*WORK ITEM*:
Go through the entries below and print, exactly, the lines starting at the one with "SADIE CHECK DRESS KHAKI GREEN 4" and ending at the one with "BAM GRAFFITI Hightech", keeping both ends and no others.

━━ EXERCISE INPUT ━━

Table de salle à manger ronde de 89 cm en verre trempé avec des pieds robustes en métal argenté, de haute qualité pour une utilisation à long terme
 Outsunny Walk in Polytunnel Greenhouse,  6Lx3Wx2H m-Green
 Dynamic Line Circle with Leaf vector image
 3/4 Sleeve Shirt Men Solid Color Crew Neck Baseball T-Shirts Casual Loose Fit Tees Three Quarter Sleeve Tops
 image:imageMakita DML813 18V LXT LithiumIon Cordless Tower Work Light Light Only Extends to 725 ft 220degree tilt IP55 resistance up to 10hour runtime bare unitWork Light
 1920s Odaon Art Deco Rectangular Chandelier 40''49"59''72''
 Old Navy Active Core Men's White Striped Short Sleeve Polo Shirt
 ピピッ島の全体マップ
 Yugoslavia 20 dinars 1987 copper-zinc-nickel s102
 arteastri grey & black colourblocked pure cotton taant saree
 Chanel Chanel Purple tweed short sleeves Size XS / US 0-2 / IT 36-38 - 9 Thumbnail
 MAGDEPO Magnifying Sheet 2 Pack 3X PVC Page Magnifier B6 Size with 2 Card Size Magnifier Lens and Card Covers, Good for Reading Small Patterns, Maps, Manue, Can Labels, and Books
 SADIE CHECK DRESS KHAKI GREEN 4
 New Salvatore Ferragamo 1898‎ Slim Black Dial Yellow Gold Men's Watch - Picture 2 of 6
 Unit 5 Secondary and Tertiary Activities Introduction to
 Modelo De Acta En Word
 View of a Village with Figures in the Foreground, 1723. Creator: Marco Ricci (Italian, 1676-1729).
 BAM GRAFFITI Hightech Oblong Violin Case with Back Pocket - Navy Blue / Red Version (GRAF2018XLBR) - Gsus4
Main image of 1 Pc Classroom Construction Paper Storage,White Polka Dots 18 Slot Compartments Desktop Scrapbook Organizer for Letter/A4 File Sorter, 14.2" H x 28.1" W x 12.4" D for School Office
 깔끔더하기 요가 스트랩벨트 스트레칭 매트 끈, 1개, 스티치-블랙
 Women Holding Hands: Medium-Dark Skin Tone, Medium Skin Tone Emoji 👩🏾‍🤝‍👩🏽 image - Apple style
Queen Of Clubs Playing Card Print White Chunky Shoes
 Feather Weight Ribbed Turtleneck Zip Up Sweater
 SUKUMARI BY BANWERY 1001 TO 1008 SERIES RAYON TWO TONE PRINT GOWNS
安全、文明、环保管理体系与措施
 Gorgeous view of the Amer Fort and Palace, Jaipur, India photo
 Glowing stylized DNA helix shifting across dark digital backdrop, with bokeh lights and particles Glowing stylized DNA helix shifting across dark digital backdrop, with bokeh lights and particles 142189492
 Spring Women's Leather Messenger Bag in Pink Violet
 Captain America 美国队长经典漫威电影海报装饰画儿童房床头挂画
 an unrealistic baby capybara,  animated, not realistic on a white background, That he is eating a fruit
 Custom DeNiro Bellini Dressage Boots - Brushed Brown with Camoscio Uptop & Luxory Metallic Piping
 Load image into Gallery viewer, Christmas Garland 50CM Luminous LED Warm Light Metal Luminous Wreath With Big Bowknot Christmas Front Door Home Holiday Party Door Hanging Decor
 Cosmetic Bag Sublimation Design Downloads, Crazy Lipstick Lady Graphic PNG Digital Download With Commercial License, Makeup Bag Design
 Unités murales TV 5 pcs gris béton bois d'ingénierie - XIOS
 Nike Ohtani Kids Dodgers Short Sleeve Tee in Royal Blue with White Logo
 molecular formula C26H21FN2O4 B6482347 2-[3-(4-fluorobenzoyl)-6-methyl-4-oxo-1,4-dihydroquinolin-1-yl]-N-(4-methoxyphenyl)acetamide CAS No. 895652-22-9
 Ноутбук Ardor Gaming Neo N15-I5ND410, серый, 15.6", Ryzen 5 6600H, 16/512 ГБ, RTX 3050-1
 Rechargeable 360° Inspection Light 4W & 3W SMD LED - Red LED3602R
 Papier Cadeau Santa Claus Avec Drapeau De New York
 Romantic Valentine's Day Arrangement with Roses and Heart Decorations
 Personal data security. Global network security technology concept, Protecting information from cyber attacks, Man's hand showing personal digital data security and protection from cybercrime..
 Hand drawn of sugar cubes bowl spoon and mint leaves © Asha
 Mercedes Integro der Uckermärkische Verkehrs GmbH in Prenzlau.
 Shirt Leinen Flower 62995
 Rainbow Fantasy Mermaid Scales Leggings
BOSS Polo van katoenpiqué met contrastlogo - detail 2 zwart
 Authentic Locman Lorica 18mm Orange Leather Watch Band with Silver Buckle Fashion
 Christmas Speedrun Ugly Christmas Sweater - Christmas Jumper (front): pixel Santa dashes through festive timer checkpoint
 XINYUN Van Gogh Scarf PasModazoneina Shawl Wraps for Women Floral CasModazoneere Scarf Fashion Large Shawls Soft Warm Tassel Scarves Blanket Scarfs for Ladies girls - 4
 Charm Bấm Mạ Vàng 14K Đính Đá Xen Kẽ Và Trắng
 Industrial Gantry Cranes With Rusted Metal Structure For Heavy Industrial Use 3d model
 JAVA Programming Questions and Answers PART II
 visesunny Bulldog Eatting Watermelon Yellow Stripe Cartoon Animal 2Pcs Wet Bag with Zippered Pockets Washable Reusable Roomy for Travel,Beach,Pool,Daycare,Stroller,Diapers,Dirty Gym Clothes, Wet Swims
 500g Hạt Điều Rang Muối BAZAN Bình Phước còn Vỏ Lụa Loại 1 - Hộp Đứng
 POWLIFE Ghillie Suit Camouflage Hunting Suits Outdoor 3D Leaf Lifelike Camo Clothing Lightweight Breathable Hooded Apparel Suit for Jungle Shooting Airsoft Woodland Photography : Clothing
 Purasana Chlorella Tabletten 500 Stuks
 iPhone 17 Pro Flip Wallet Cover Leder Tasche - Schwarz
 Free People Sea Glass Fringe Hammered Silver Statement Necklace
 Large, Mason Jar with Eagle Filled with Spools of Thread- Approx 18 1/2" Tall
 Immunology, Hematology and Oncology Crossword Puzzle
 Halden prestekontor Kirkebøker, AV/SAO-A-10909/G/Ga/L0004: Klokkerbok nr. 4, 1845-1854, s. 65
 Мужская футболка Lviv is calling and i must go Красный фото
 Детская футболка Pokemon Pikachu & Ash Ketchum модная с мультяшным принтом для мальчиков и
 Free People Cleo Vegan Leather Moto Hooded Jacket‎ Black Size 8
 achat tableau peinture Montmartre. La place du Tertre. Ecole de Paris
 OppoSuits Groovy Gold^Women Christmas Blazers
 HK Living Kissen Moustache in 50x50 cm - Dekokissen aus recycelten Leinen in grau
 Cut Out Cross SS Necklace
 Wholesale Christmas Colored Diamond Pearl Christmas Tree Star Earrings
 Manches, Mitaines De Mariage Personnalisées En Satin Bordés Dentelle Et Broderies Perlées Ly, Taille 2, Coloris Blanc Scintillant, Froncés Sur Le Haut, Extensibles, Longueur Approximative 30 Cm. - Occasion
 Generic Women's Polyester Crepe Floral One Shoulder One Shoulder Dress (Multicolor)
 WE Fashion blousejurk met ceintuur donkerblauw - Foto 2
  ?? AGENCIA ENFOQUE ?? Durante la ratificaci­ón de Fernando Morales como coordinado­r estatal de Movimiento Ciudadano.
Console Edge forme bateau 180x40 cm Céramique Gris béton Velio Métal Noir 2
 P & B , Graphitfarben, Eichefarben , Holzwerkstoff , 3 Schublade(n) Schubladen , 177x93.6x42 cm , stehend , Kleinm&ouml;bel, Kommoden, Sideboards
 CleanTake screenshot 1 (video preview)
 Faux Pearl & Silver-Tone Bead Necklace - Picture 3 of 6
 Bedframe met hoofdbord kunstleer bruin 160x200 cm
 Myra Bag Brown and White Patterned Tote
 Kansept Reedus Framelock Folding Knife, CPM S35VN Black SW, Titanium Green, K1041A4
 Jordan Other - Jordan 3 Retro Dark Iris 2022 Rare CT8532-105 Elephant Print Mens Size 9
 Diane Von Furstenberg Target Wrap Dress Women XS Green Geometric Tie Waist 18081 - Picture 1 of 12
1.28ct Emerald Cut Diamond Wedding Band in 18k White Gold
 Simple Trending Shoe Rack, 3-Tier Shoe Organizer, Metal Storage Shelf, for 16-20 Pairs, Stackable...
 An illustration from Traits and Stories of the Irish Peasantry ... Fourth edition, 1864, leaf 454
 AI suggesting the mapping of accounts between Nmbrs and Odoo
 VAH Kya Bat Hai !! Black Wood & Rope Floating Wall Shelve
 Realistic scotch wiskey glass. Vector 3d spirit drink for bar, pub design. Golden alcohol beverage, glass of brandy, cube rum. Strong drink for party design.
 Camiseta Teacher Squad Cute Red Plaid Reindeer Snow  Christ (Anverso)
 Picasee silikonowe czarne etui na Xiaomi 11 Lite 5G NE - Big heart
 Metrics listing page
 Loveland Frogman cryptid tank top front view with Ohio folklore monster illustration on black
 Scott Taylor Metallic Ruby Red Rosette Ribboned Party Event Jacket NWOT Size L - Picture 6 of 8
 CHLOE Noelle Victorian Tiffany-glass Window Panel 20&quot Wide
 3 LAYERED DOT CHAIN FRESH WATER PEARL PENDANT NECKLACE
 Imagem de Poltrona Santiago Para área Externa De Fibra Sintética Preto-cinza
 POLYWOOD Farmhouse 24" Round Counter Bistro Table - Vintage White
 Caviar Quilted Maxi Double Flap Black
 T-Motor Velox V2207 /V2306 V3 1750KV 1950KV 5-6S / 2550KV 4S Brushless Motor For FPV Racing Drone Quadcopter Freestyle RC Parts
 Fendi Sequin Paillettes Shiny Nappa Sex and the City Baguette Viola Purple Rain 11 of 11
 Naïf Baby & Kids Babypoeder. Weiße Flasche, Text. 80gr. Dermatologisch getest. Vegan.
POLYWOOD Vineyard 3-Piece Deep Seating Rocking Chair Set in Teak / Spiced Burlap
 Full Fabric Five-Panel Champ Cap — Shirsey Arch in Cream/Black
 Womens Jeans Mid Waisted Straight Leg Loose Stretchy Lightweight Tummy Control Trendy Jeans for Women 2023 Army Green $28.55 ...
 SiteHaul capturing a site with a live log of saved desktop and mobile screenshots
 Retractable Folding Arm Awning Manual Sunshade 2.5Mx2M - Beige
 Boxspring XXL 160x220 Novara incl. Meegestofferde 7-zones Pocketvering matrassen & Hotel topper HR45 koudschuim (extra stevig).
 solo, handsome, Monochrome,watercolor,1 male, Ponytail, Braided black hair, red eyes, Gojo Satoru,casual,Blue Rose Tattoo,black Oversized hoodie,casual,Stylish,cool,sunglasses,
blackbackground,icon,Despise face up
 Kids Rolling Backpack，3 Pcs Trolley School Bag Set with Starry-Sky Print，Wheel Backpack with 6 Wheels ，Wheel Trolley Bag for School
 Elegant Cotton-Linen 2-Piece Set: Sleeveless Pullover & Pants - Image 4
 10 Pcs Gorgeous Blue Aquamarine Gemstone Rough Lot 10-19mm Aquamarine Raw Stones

━━━

*SOLUTION FOR THIS TASK*:
 SADIE CHECK DRESS KHAKI GREEN 4
 New Salvatore Ferragamo 1898‎ Slim Black Dial Yellow Gold Men's Watch - Picture 2 of 6
 Unit 5 Secondary and Tertiary Activities Introduction to
 Modelo De Acta En Word
 View of a Village with Figures in the Foreground, 1723. Creator: Marco Ricci (Italian, 1676-1729).
 BAM GRAFFITI Hightech Oblong Violin Case with Back Pocket - Navy Blue / Red Version (GRAF2018XLBR) - Gsus4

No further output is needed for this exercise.